Siyonist işgalci İsrail bu hedeflerini gerçekleştirebilecek midir?

Bu mesele aşırılık yanlısı Yahudilerin sandığı kadar kolay olmayacaktır. Bunun en açık delili, İsrail’in, gelişmiş silahlara sahip olmasına rağmen üzerinden bir yıl geçtiği halde hala Gazze’de sıkışıp kalmışlığıdır. Bir de üstelik ABD ve Batılı ülkeler İsrail’e sınırsız desteklerini sürdürüyor ve ölümcül silahlar vermeye devam ediyorlar. İşte İsrail bu yardımlardan destek alarak sağa sola saldırıyor. İsrail’in Güney Lübnan’da savaşa girmesi, Hizbullah’ın bütün yöneticilerini etkisiz hale getirmesi onu hiçbir zaman mutlu etmeyecektir. Yemen’den Husilerin, Beyrut’tan Hizbullah’ın attığı füzeler Siyonistler gizlese de büyük kayıplara neden oluyor ve bölge sakinleri korku ve endişe içinde sığınaklarda yaşamaya devam ediyor. Bu işgalci varlığın Güney Lübnan cephesini ateşe vermesi, kendisine hiçbir zaman güvenli bir yaşam getirmeyecektir. İşgalci İsrail’in sürdürdüğü “kelle alma” politikası değil direnişi yok etmek, aksine direnişin yeni ve güçlü filiz ve sürgün vermesinin önünü açacaktır. Aynı şekilde İsrail, ne Filistinlileri ve ne de Filistin davasını yok etmeye güç yetirecektir.

The Independent gazetesinin yorumunda da ifade ettiği gibi “kelle alma” siyasetiyle Hamas ve Hizbullah örgütü bitmeyecektir. Geleneği olan bu köklü oluşumlar, belki form değiştirmek suretiyle kendilerini kısa zamanda yenileyip yerlerine başka isimler altında yollarına devam edeceklerdir. Yetmiş beş yıllık Filistin davasında olup bitenler bunun örneğidir. ABD 2006 yılında Irak’ta faaliyet yürüten el-Kaide lideri Ebu Musab el-Zerkavi’yi öldürdü, bu örgüt çöktü mü? Gördüğümüz kadarı ile form değiştirip varlığını yeni bir liderle sürdürmeye devam ediyor.

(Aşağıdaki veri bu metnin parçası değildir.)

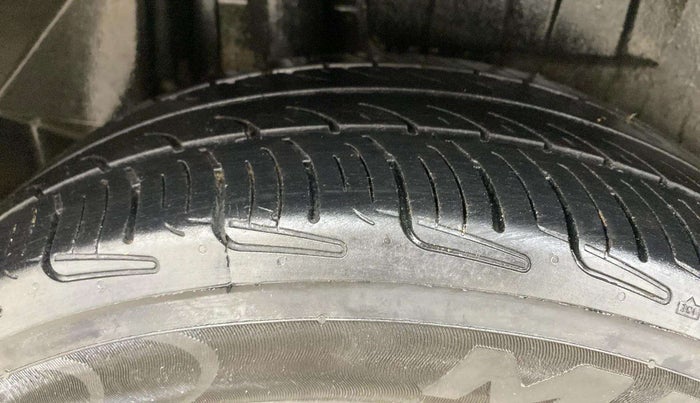 2022 Maruti Dzire ZXI Plus, Petrol, Manual, 1,01,261 km, Right Rear Tyre Tread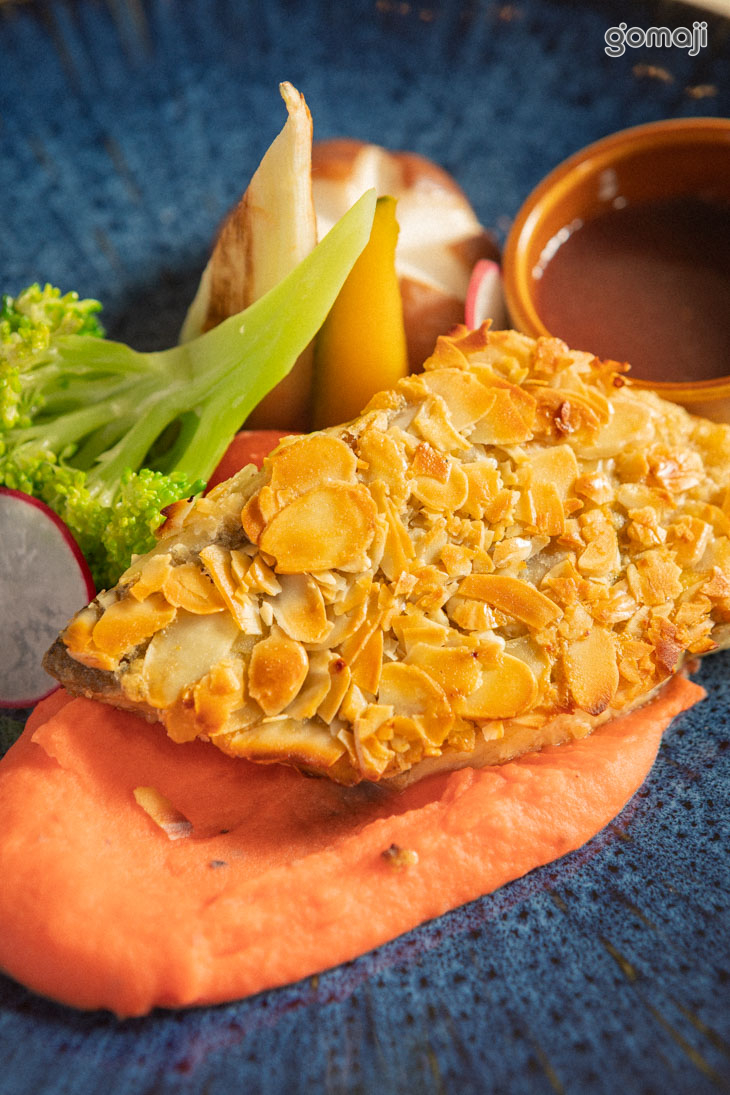 香煎杏仁鱸魚佐蘋果紅甜菜醬汁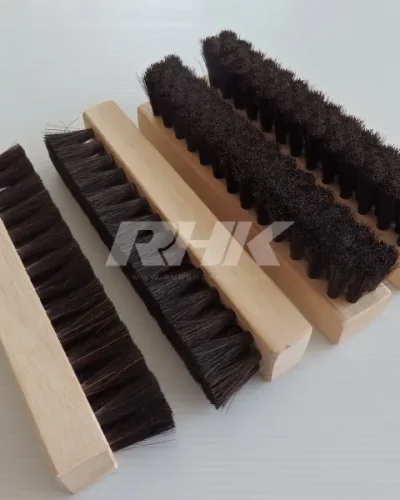 แปรงแถบแกนไม้ ขนม้า Wooden core brush, horsehair
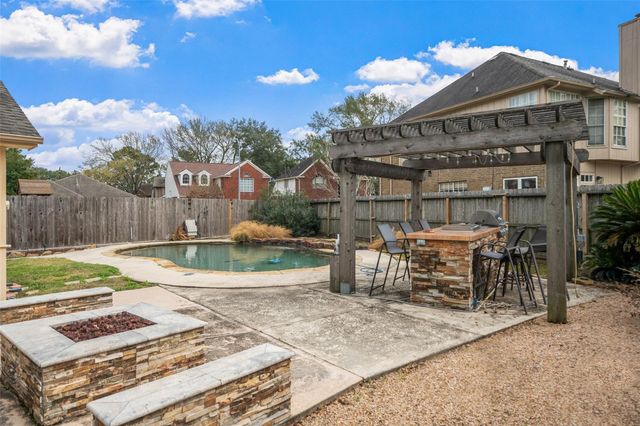 12311 Exbury Court, Tomball, TX 77377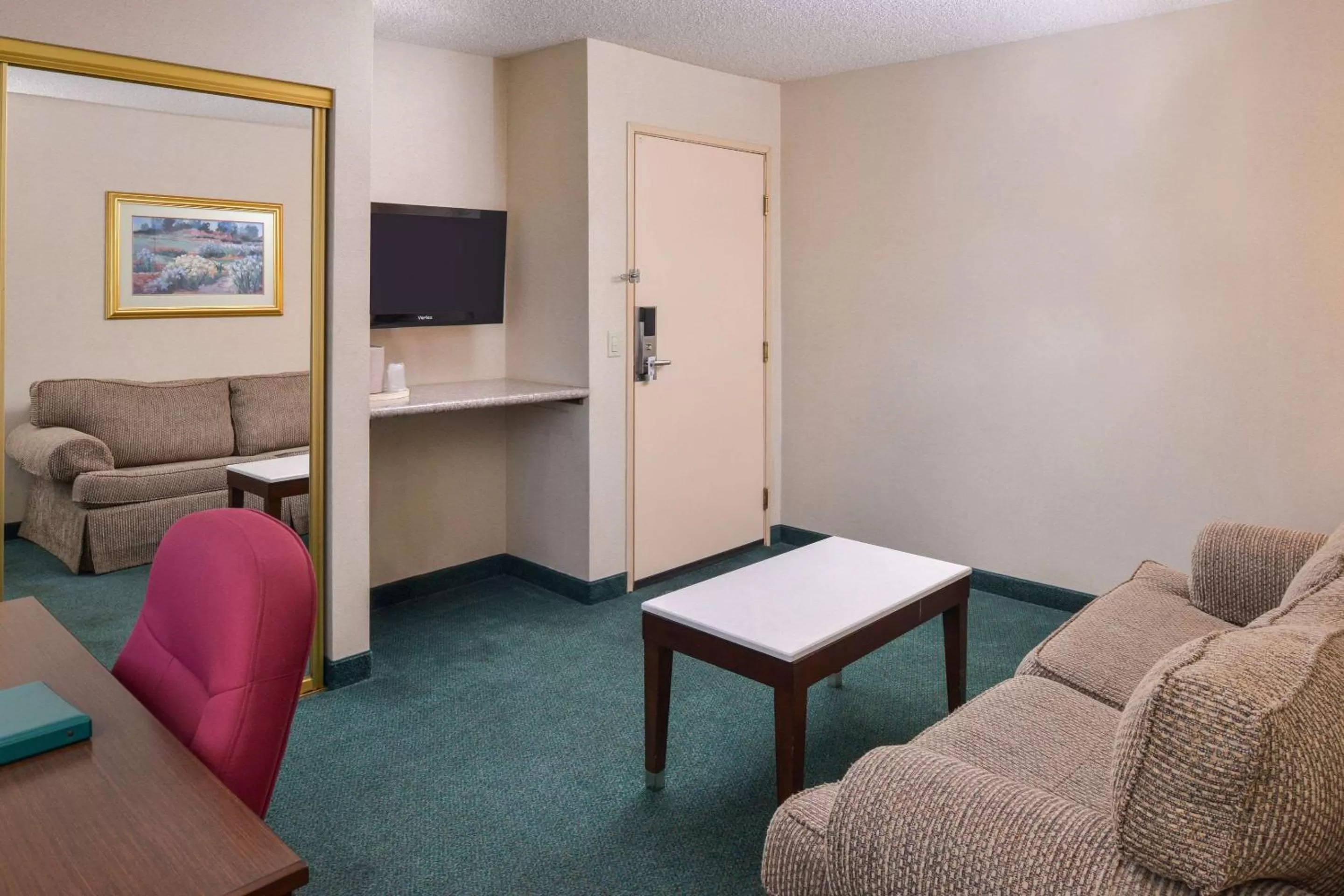 King Suite with Sofa Bed - Non-Smoking in Quality Inn & Suites Walnut - City of Industry
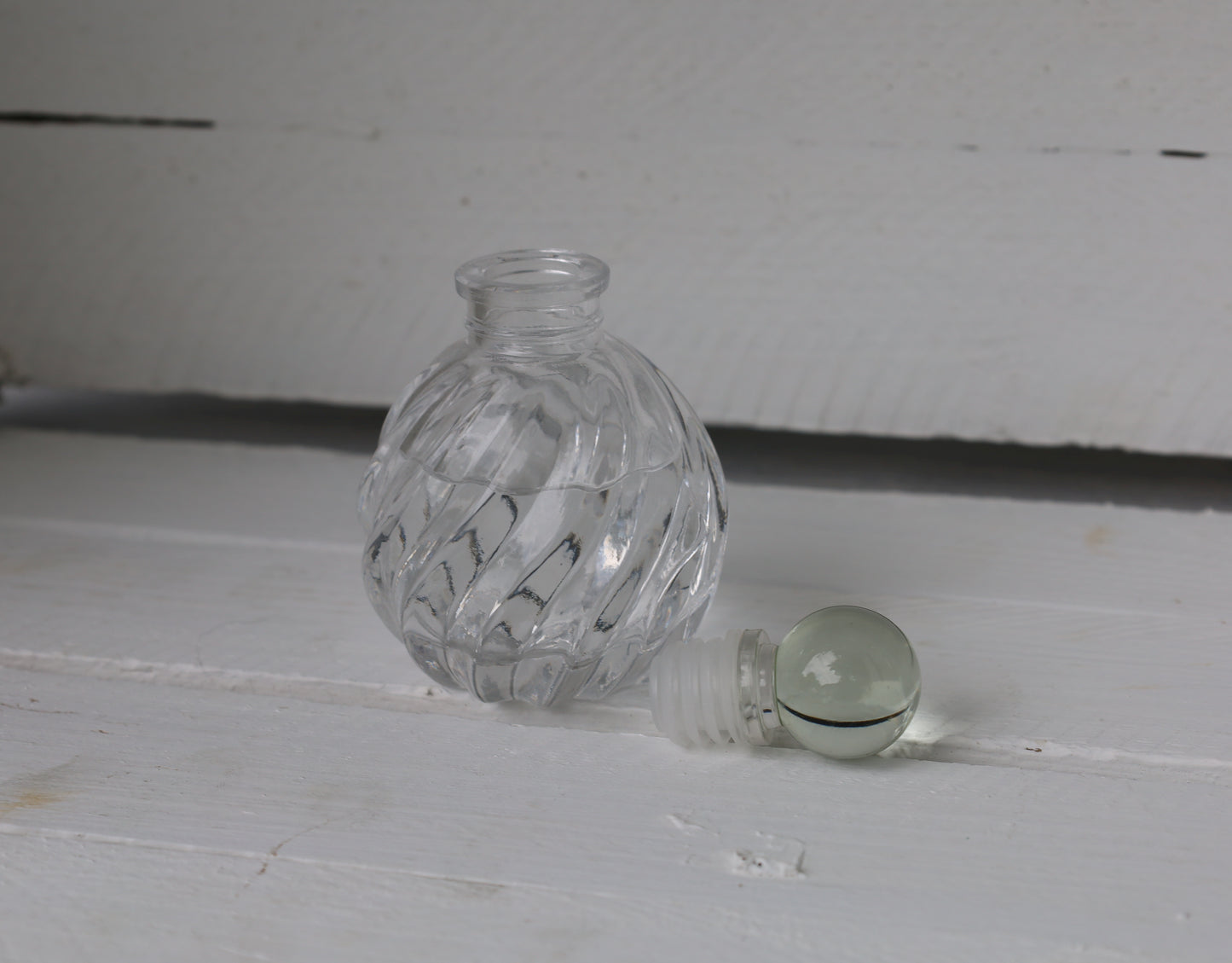 Fläschchen, kleine Flasche aus Glas mit Stopfen, verschiedene Formen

Özetle Siyonist İsrail bu kelle avcılığından ve toprak genişletme politikasından vazgeçmedikçe asla kendini güvende hissetmeyecektir. Eğer Ortadoğu’da var olmak istiyorsa, en kısa zamanda işgal ettiği Filistin topraklardan çekilmeli, başkenti Kudüs olan ve birleşik bir toprak bütünlüğüne sahip olan Filistin devletini tanımalıdır.